I like my trainer. I have this innate desire to want to please her. Perhaps because I do like her and respect her. Perhaps because she keeps telling me how awesome I’m going to be and how much she is looking forward to watching me change and of course how cute and tiny I already am. Hmm… who doesn’t love to hear that? For some reason she already gets me and I love that. I think it helps that she is my mom’s trainer and has discussed me with her so I go in already having someone else in my corner. She has already gathered that I am obsessive compulsive and told me last night she was the same way. That I remind her of herself at my age. She is in her mid 40’s now. She said I am at about the same weight she was when she started doing this herself and she was 34. Anyway, she took my measurements which weren’t bad. I have nothing to compare them to so I can’t really tell you. The only time I’ve ever taken my measurements are when you hold up a tape measure and let’s be honest you pull it pretty tight to produce the lowest number possible. Not sure if that is really the most accurate measurement anyway.

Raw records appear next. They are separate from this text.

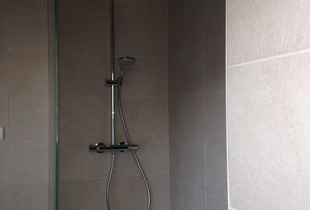 Plomberie neuve et pose du carrelage dans la douche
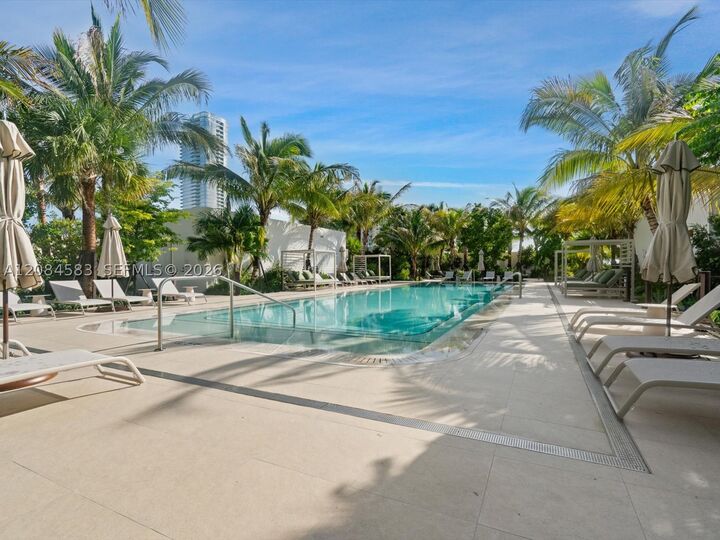 Property Photo: 2200 Brickell Avenue 402 FL 33129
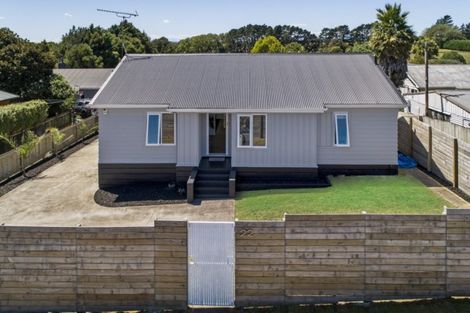 Photo of property in 22 Buchanan Road, Kingseat, Papakura, 2580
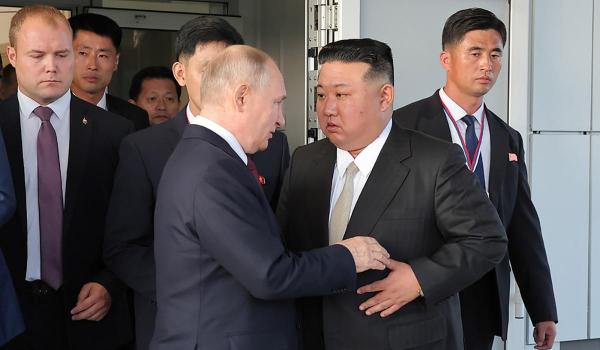 Încă o dovadă a relaţiilor tot mai strânse dintre Moscova şi Phenian. Putin i-a oferit lui Kim Jong Un o limuzină de lux, încălcând sancţiunile ONU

It’s probably better to have a consistent person measure you who doesn’t squeeze the ever loving crap out of you. Probably better. Anyhow, my numbers seemed fine to me. But who the hell is counting. I suppose the true result comes in a month when we take my measurements again to see if there is any improvement. After she took the measurements she was like, see you already are tiny. I like being called tiny even if I don’t believe it. For some reason I do have it stuck in my head that 140 pounds is not tiny at all. That someone who is “tiny” is like 110 pounds. I don’t want to be 110 pounds but I have never equated thin to 140 pounds ever. Funny. Which is why it always shocks me that someone in this profession could say that I look like I’m at a great size and don’t need to lose weight but just tone up. In my mind I guess I still see all the flab at 140 pounds and therefore my normal gut reaction is to lose more weight and be like 130 pounds when in reality perhaps I just need to turn the flab into muscle and then it wouldn’t matter if I was 140 or 130 pounds. I do believe that. I am less concerned about the actual weight and suddenly more focused on building noticeable muscle.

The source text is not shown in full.